Lewis Evans (c. 1700 – 12 June 1756)[1] was a Welsh surveyor and geographer. He had a brother John. In the mid-1730s he emigrated to British America, where he was based in Philadelphia. He was well known for his 1755 map of the Middle British Colonies.

Biography[edit]

Lewis Evans was born in Caernarfonshire, Wales. He travelled to the British colonies in North America, where he settled in Philadelphia by the mid-1730s. In 1736 he bought a book from Benjamin Franklin, a printer, which was the start of their friendship. Franklin encouraged his geographic and scientific research. In 1743 Evans married Martha Hoskins, a friend of Franklin's wife Deborah Read Franklin. They had a daughter Amelia before Martha died in 1754, when the girl was ten.[2]

As a surveyor, Evans traveled in the Onondaga country of the Iroquois in western New York province with Conrad Weiser, an important interpreter who had lived as a youth with the Mohawk, and botanist John Bartram. From this trip, he published a map of New York, New Jersey and Delaware. It was modified to include Pennsylvania and published as A Map of Pennsylvania, New Jersey, New York, and the Three Delaware Counties (1749, revised 1752) See Image.

In 1751 Evans taught a class in geography and natural philosophy, as it was known, in Philadelphia, Newark, and New York.[2]

In his A General Map of the Middle British Colonies in America (1755), Evans expanded his reach to include Pennsylvania, Virginia, Maryland, and part of New England. He published this map in his book Geographical Essays (formally, Geographical, Historical, Philosophical and Mechanical Essays Containing an Analysis of a General Map of the Middle British Colonies in America, and the Country of the Confederate Indians, with a General Map of the Middle British Colonies in America), also published in 1755 by Franklin and David Hall, as the first part of an unfinished work. Still cited, this work was recently noted by Marco Platania in an article in the electronic review Cromohs.[2] The work was heavily criticised by the New York Mercury.[1]

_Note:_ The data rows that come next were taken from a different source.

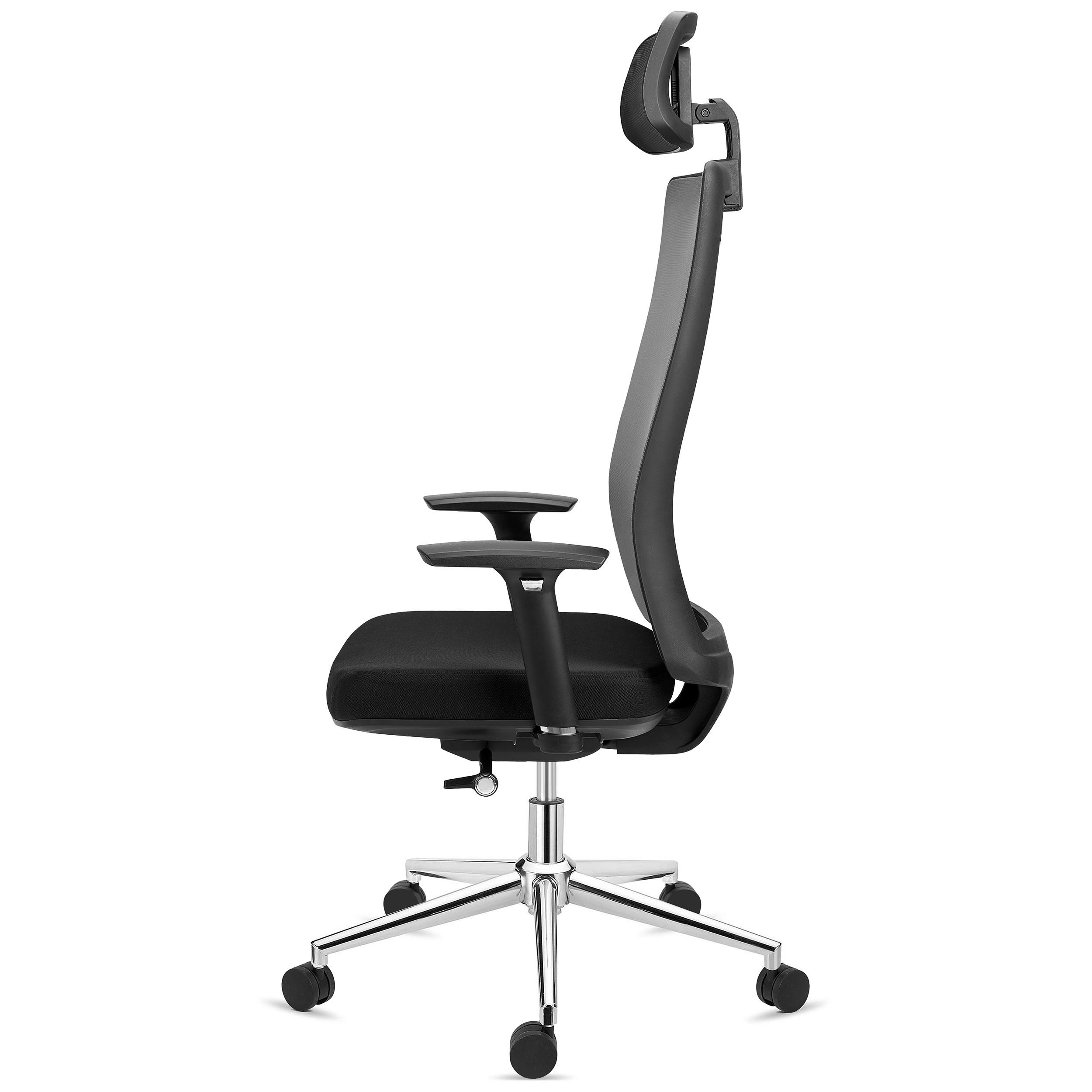 Silla Ergonómica SANTOS, Reposacabezas, Uso Profesional 8h, En Negro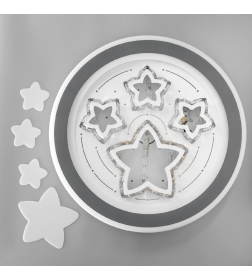 Люстра с ПДУ «Звездный» LED 160 Вт 3000-6000К серо-белый 52×52×8.5 см BayerLux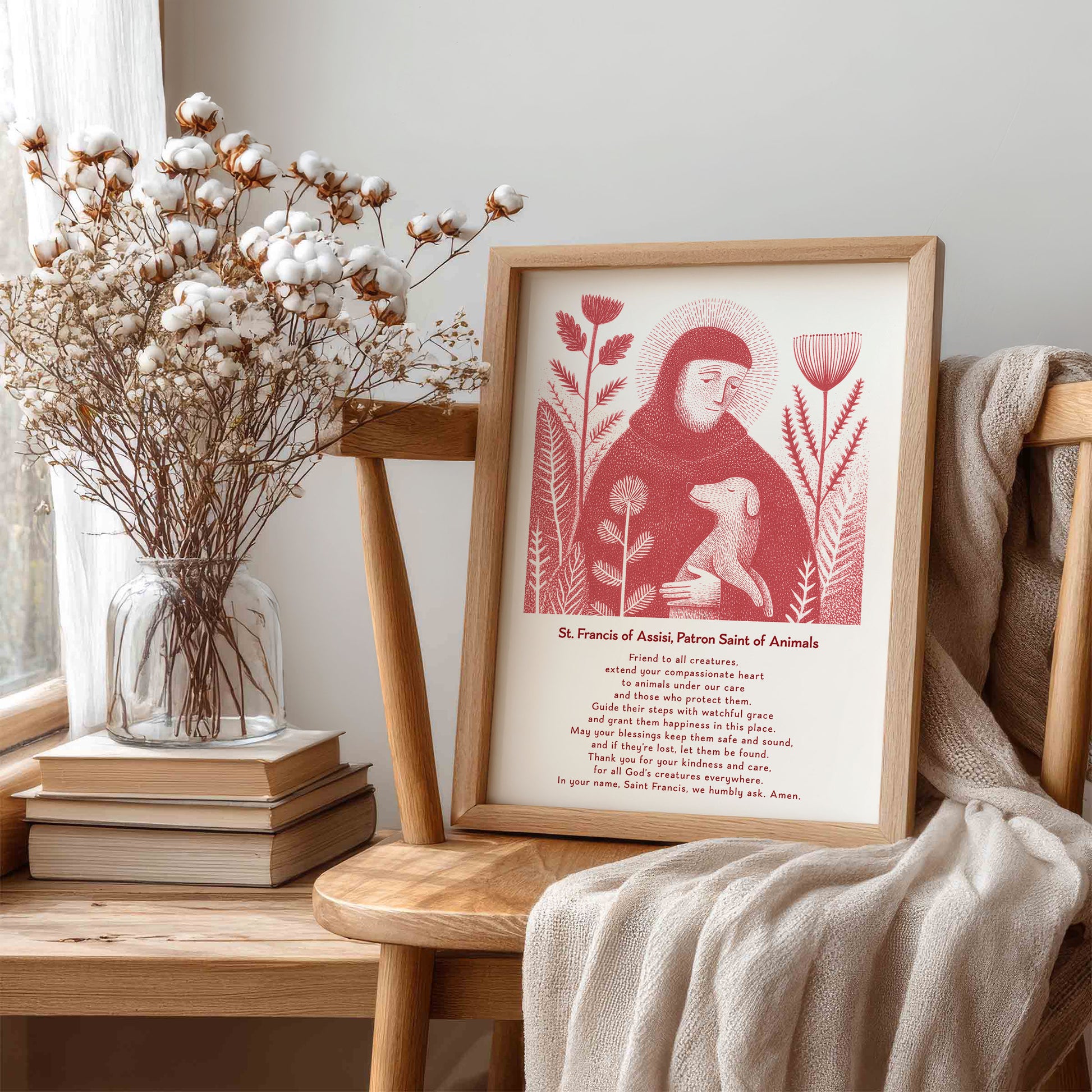 St Francis with Dog Art Print - Red interior mockup 07 - p_2_franc_dog_0007_Layer 3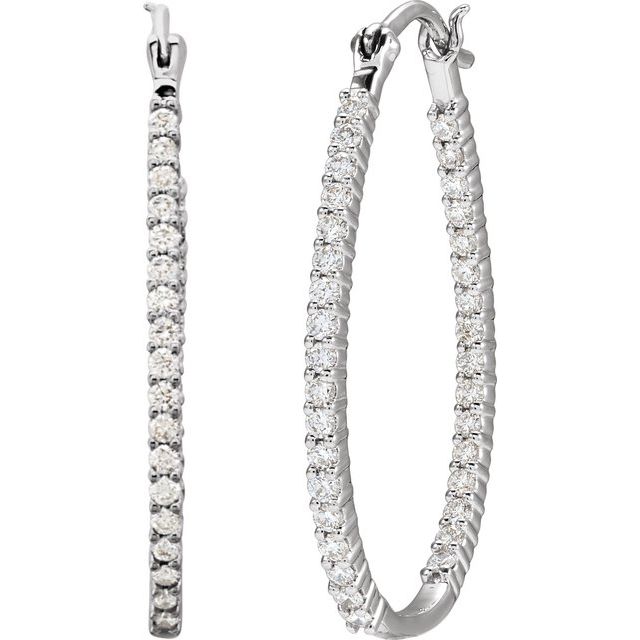 Platinum 1 CTW Natural Diamond Inside-Outside Hoop Earrings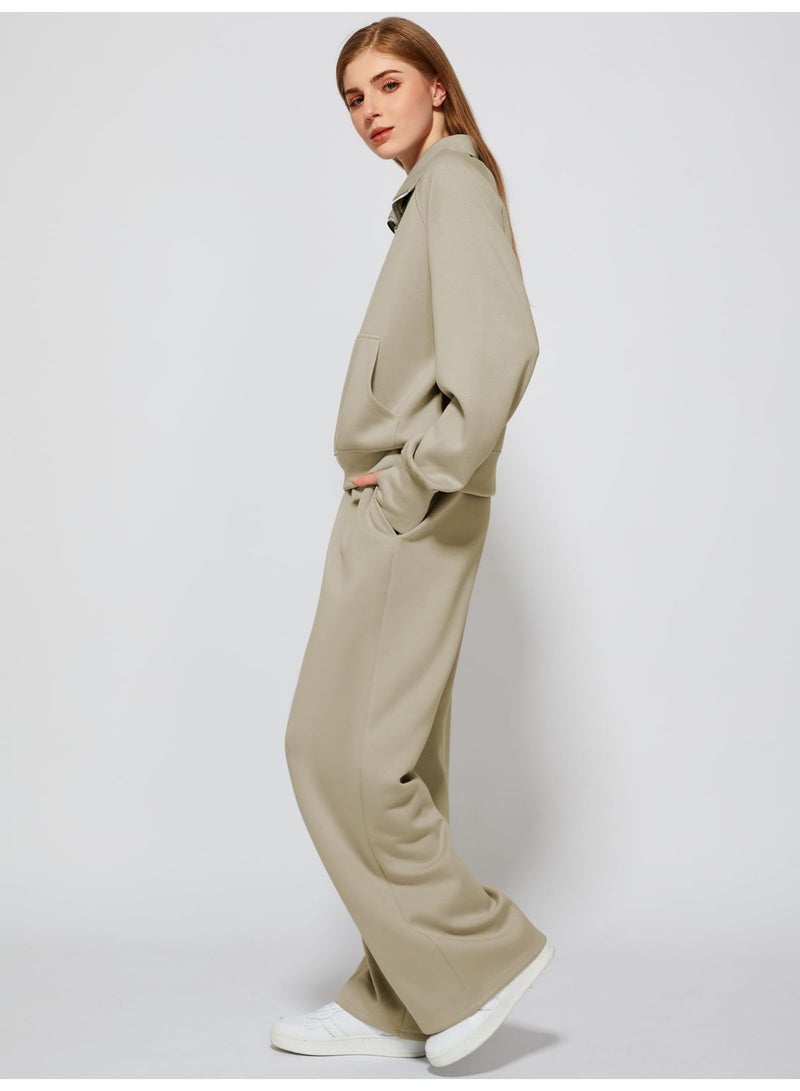 general 2025 - 2026 Women's Two-Piece Ultra-Large Half-Zip Sweatshirt and Wide Leg Sweatpants Casual Set - Image 2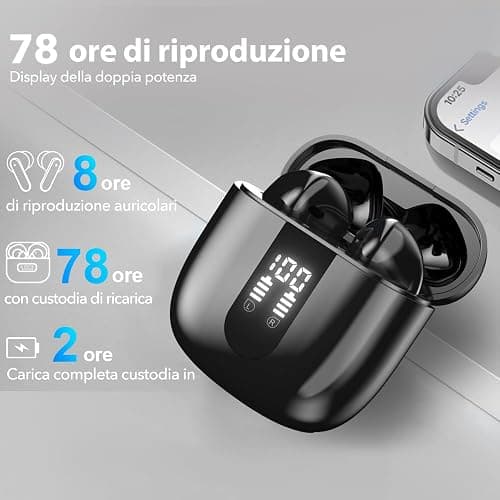 JBES Cuffie Bluetooth, Auricolari Bluetooth 5.4 In Ear Stereo con 4 Microfono ENC, 60 Ore Cuffiette Wireless Cancellazione Rumore, IP5 Auricolare per iPhone e Androide, Earbuds (Mulit Nero) thumbnail 4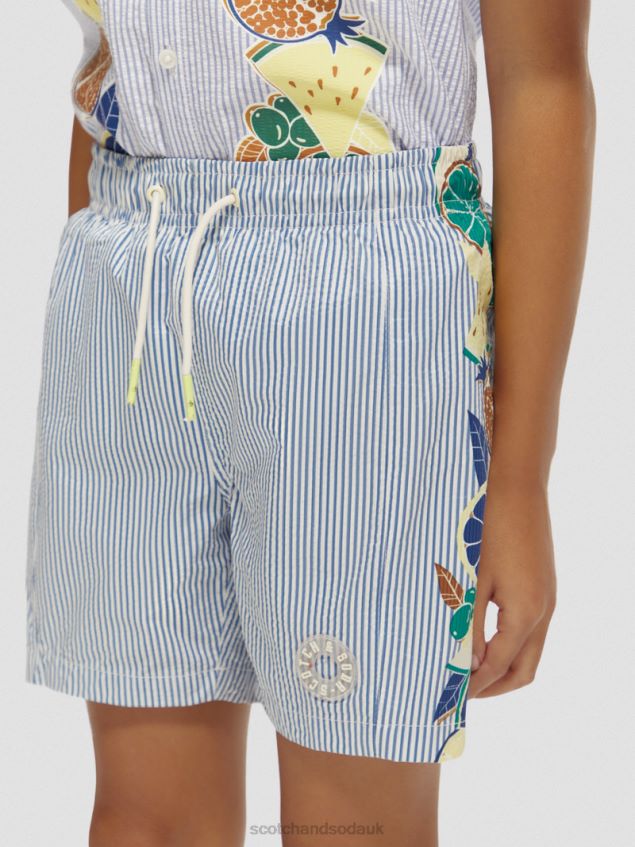 Scotch & Soda Kids Mid-Length Printed Pinstripe Swim Shorts LP48HB813 Clothing Seersucker Stripe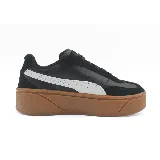 Championes Puma Club II Era Platform para mujer, color negro con detalles en blanco y suela marrón.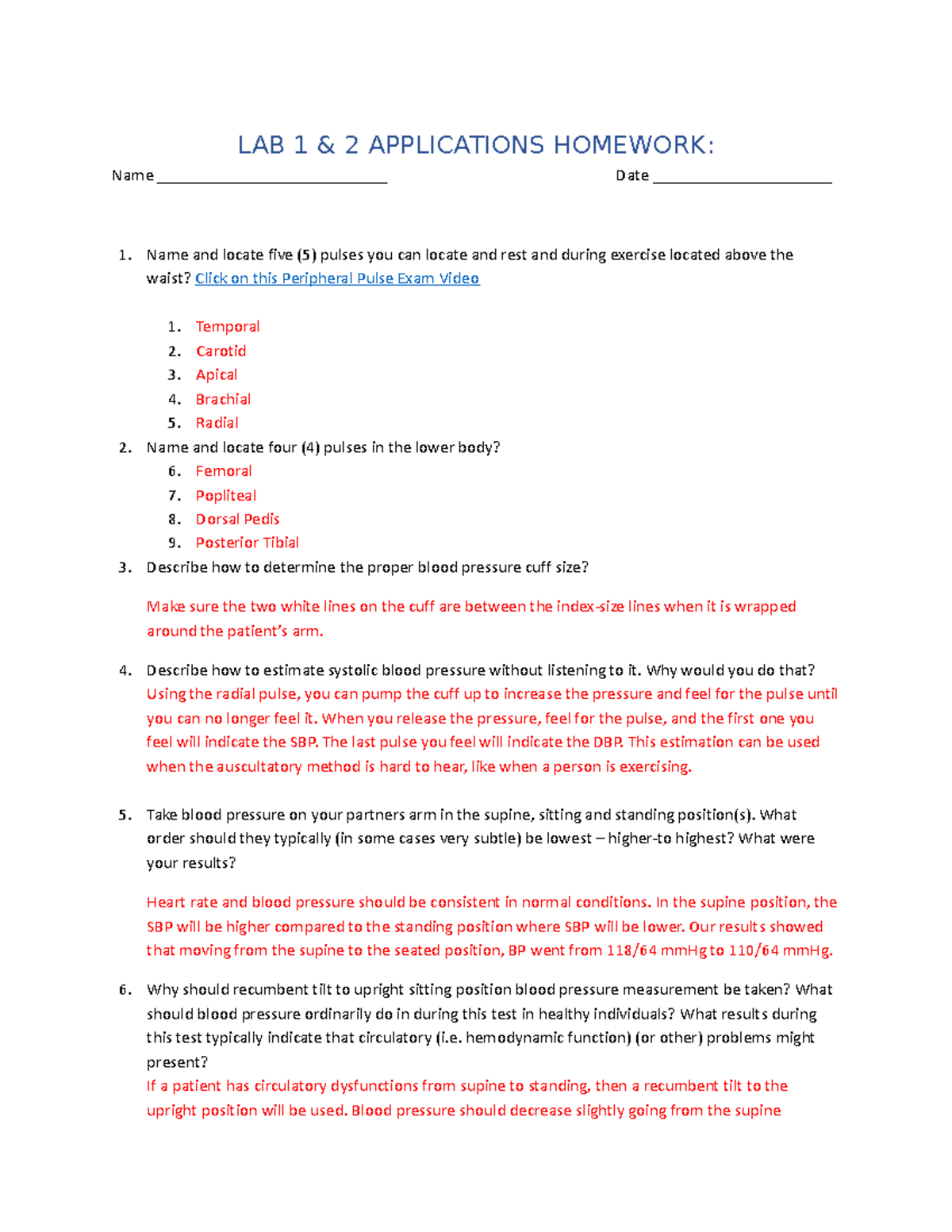 LAB 1 & 2: Blood Pressure Assessment Applications Homework - Studocu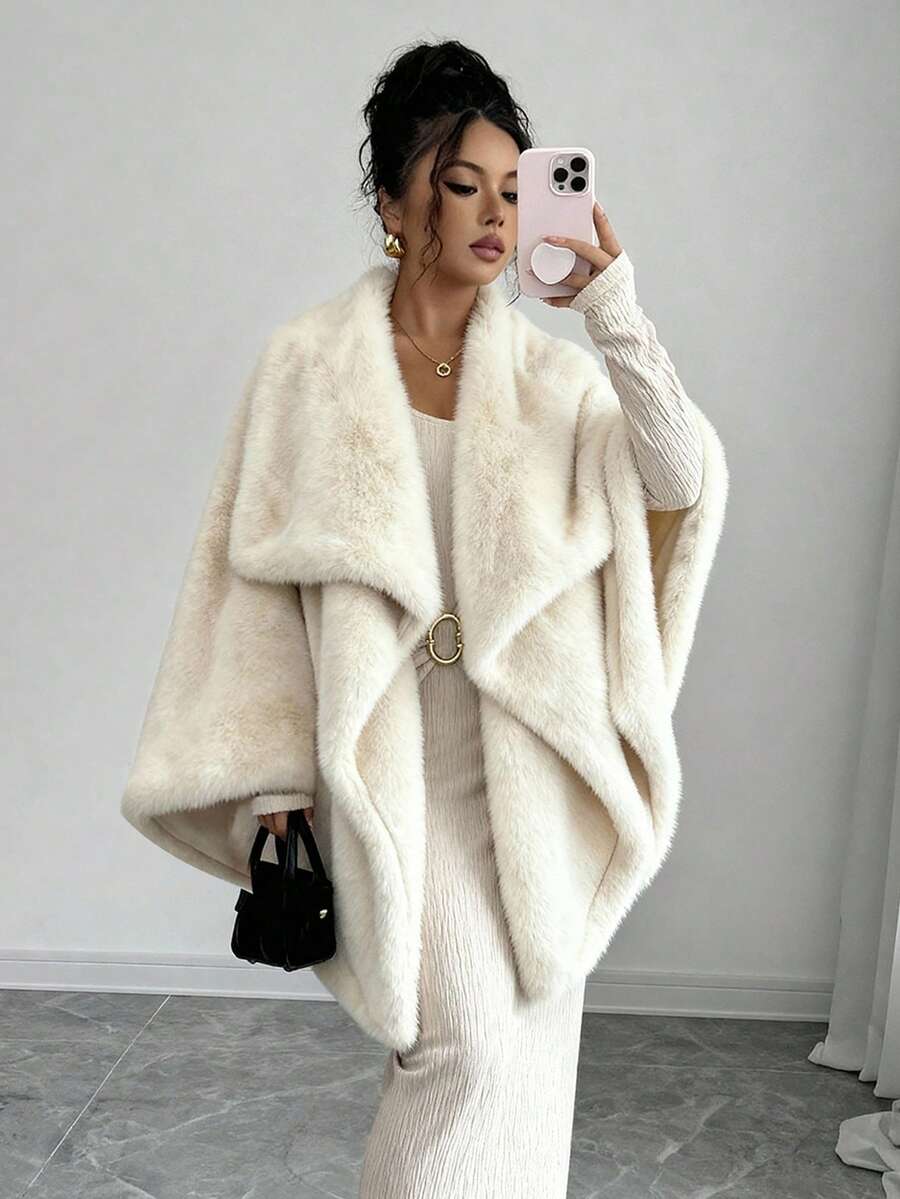 Selianne Women's New Fuzzy Shawl Cardigan, Autumn/Winter - Beige - View 1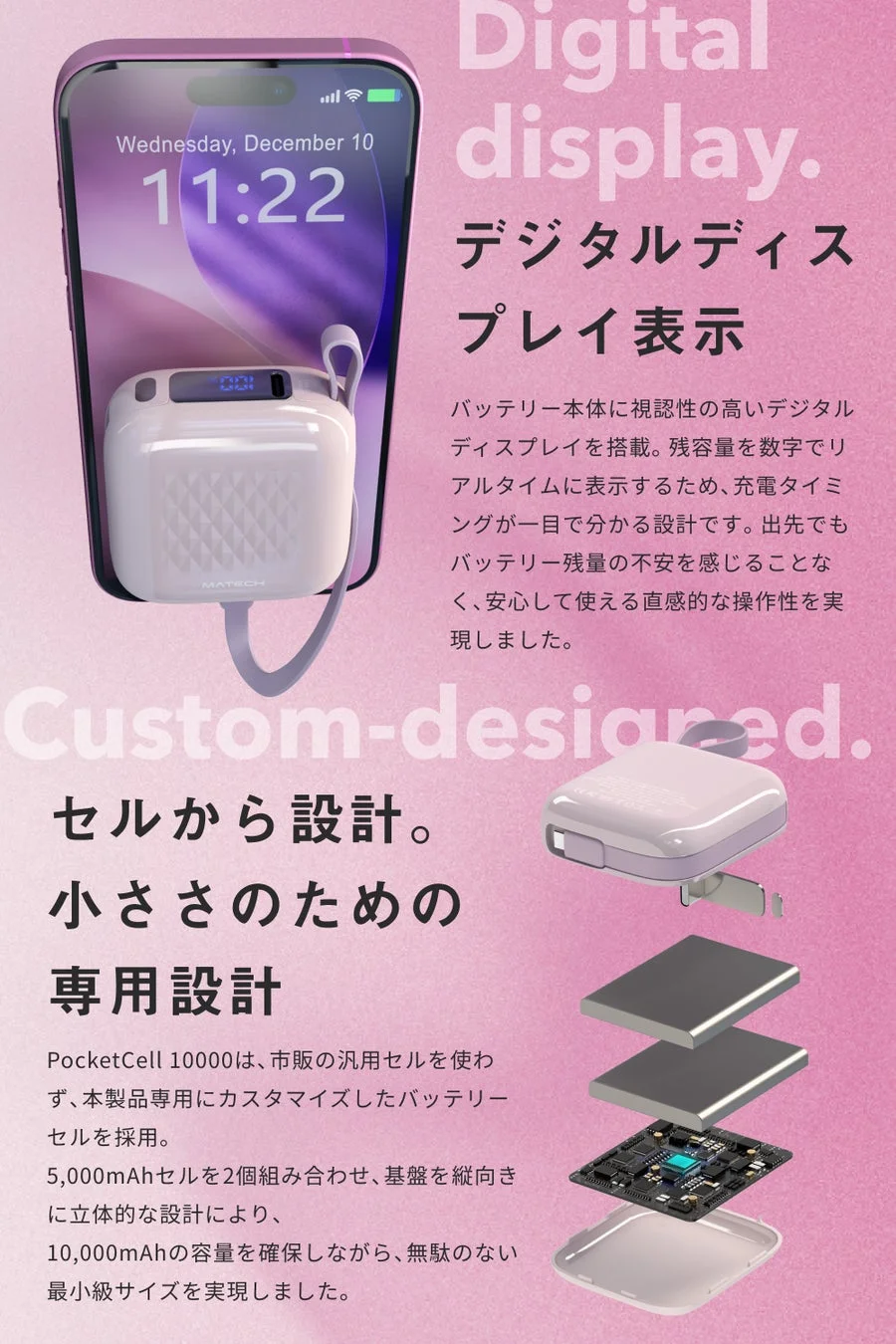 MATECH PocketCell 10000のデジタルディスプレイ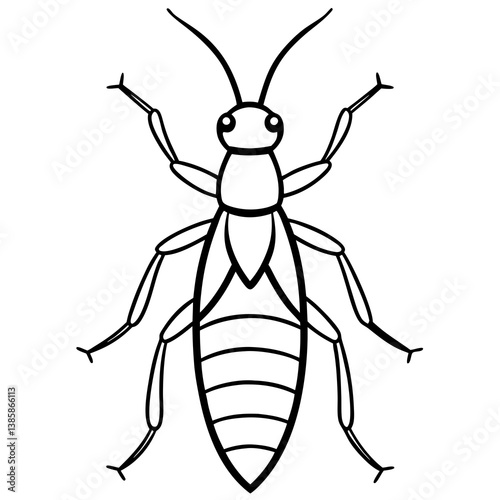 Termite Outline Vector Illustration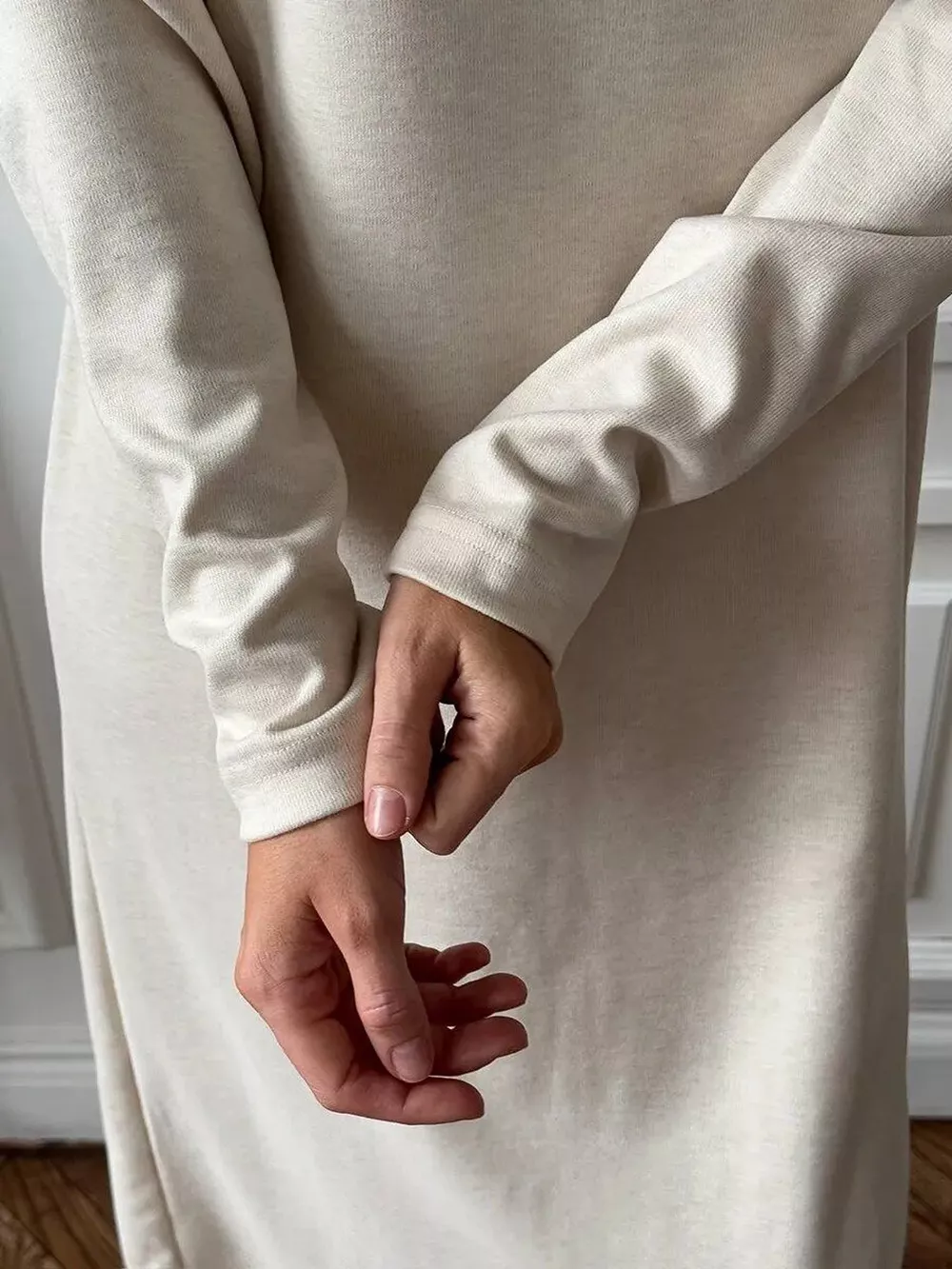 Round Neck Long-Sleeve Midi Dress, image 5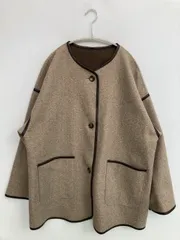 OLIVE des OLIVE オリーブデオリーブ ノーカラージャケット M ベージュ 合成皮革/人工皮革 無地 ミドル丈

British colonial observer Thomas Pownall, secretary to Governor Danvers Osborne of New York, stayed in the colonies after Osborne's death in 1753 to study conditions, hoping to gain another position. He had met Benjamin Franklin and helped finance publication of the map by Evans, as both men considered it critical during the French and Indian War. The British were having to confront French forces in the interior of the colonies. Evans' map was highly regarded and used by General Edward Braddock during the war; Pownall received most of the public acclaim for it at the time.[3]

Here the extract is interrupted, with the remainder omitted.